- Born: February 1998 (age 28) Amman, Jordan
- Education: Central Saint Martins (BA);
- Years active: 2019–present

= Zeid Hijazi =

Palestinian-Jordanian fashion designer

Zeid Hijazi (born February 1998) is a Jordanian-Palestinian fashion designer. He won the Franca Sozzani Debut Talent Award at the 2020 Fashion Trust Arabia.

==Early life==
Hijazi was born in Amman. Hijazi took a year-long foundation course at Central Saint Martins. After pausing his studies, he returned to Central Saint Martins, going on to graduate with a Bachelor of Arts (BA).

==Career==
Hijazi founded his eponymous ready-to-wear label in 2019. Hijazi won the Franca Sozzani Debut Talent Award at the 2020 Fashion Trust Arabia. With his prize money, Hijazi launched his label's debut Spring/Summer 2022 collection Kalt. The collection is named after the lead character of the film Bedwin Hacker (2003).

Hijazi returned to the 2023 Fashion Trust Arabia, where he was a finalist for the Ready-to-Wear Award.

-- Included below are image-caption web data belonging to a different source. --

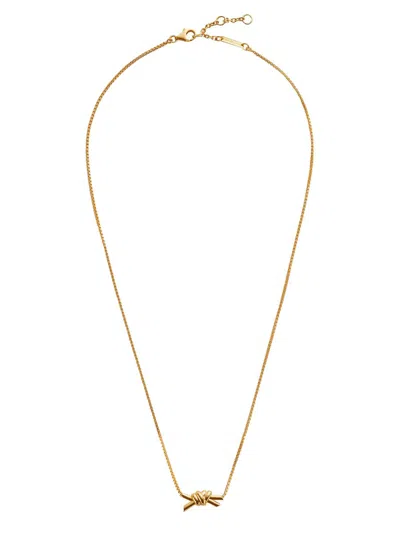 Bottega Veneta Adjustable Length Knot Detail Necklace In Grey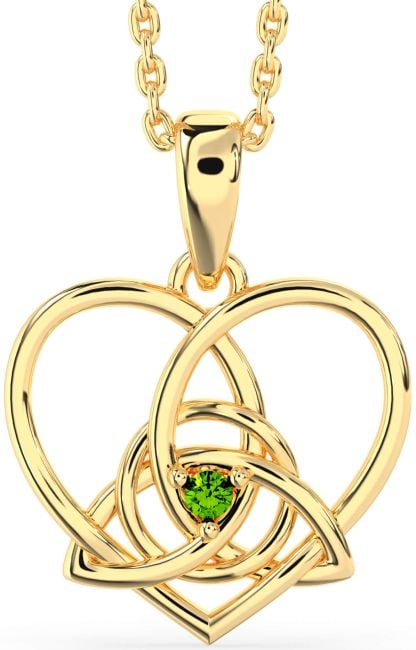 Peridot Gold Celtic Trinity Knot Heart Necklace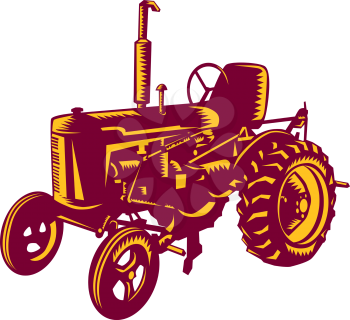 Illustration of a vintage farm tractor set on isolated white background done in retro woodcut style. 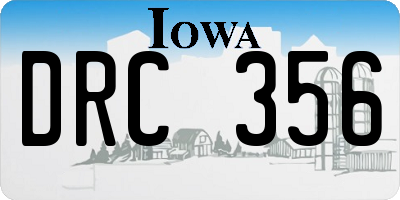 IA license plate DRC356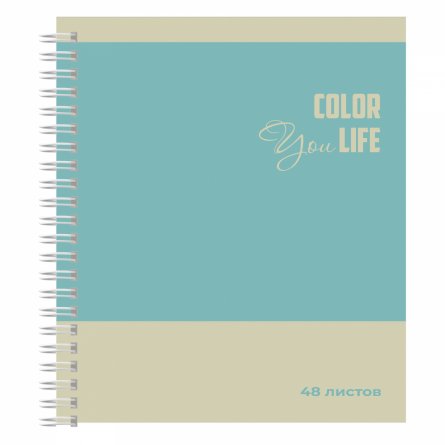 Тетрадь А5 48л., клетка, Alingar, гребень, блок офсет, мелованный картон (стандарт), "Your life", 4 дизайна в пленке т/у фото 3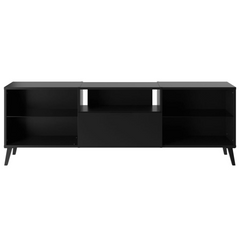 Modern Black TV Cabinet - 153.5x31.7x52 cm | Sleek Storage Solution for Home Entertainment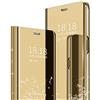 SZMLOGB MLOTECH compatibile Cover Samsung Galaxy Note 20 ultra Custodia + Pellicola Protettiva [2 Pezzi] Flip Clear View Specchio Standing Cover Anti shock Placcatura Smart Cover d'oro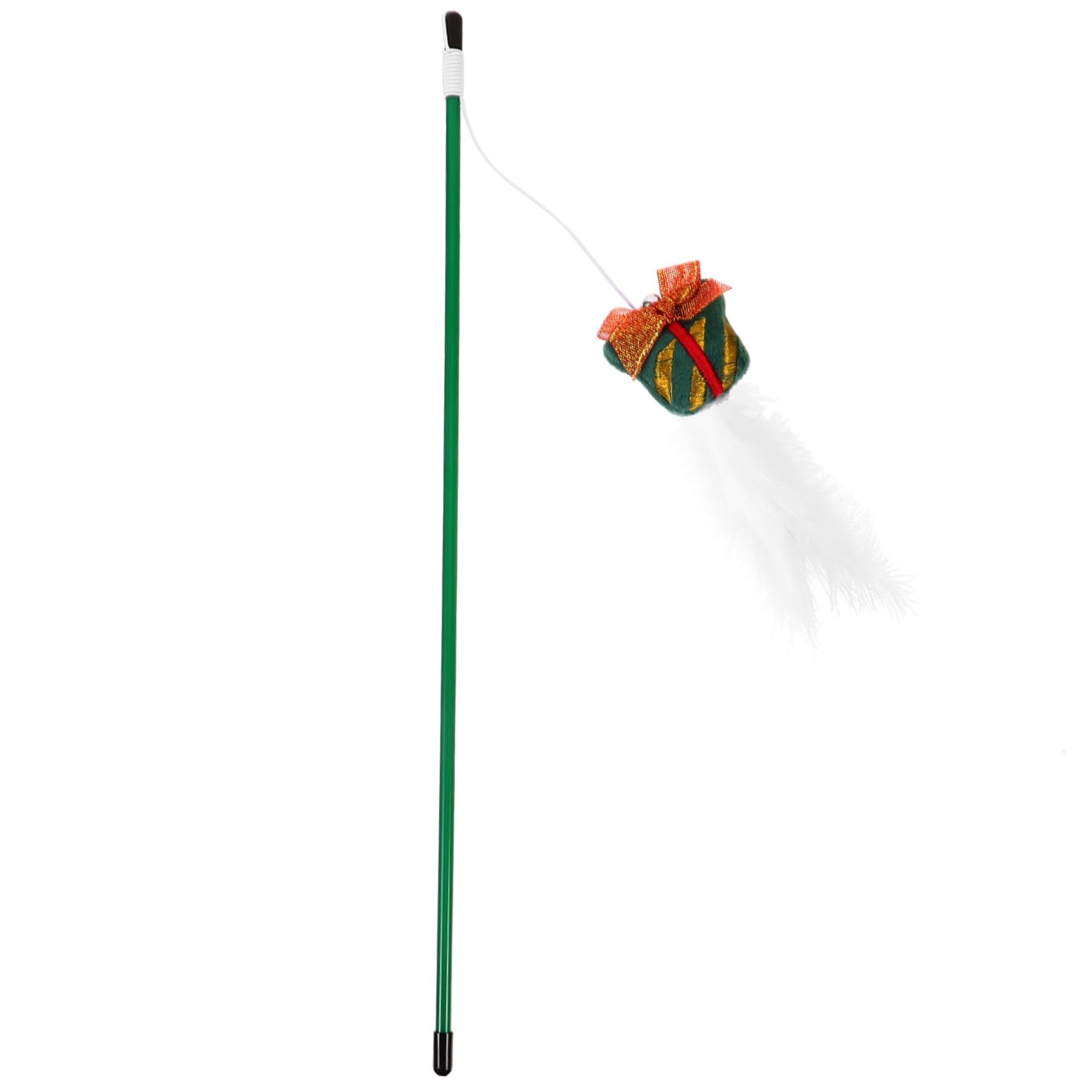 Milisten Christmas Cat Teaser Cat Teasing Stick Exercise Toys Wand Toys Dog Wand Decorative Teasing Hangings Kitten Teaser Xmas Toy Pet Plush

In 2025, Hijazi created a "tartan-tatreez hybrid look" for the exhibition Thread Memory: Embroidery from Palestine at the V&A Dundee; his work also featured in the Tatreez: Palestinian Embroidery display at London's V&A. The exhibition and display were curated by Rachel Dedman. That autumn, Hijazi showcased his work at London Fashion Week. At the victory celebration for the election of New York City mayor Zohran Mamdani in November, Mamdani's wife Rama Duwaji wore a piece designed by Hijazi. That year, Hijazi was named a top Arab fashion designer by Love Happens.

Hijazi is a finalist for the 2026–2028 Prix MMM, awarded by the Maison Mode Méditerranée. He reunited with Dedman for the exhibition Embroidering Palestine for MoMu Antwerp.This was followed by Embroidering Palestine at MoMu Antwerp into 2026.

==Artistry==
Hijazi has named Lam Qua, Francis Bacon and 1950s Christian Dior as artistic influences, as well as Martin Margiela, Rick Owens, Hedi Slimane and Tom Ford as style inspirations. He also praised contemporary and "best friend" Cynthia Merhej. Hijazi is "inspired by folklore and futurism". His work incorporates Palestinian symbology, "symbols my ancestors created", and pastoral embroidery.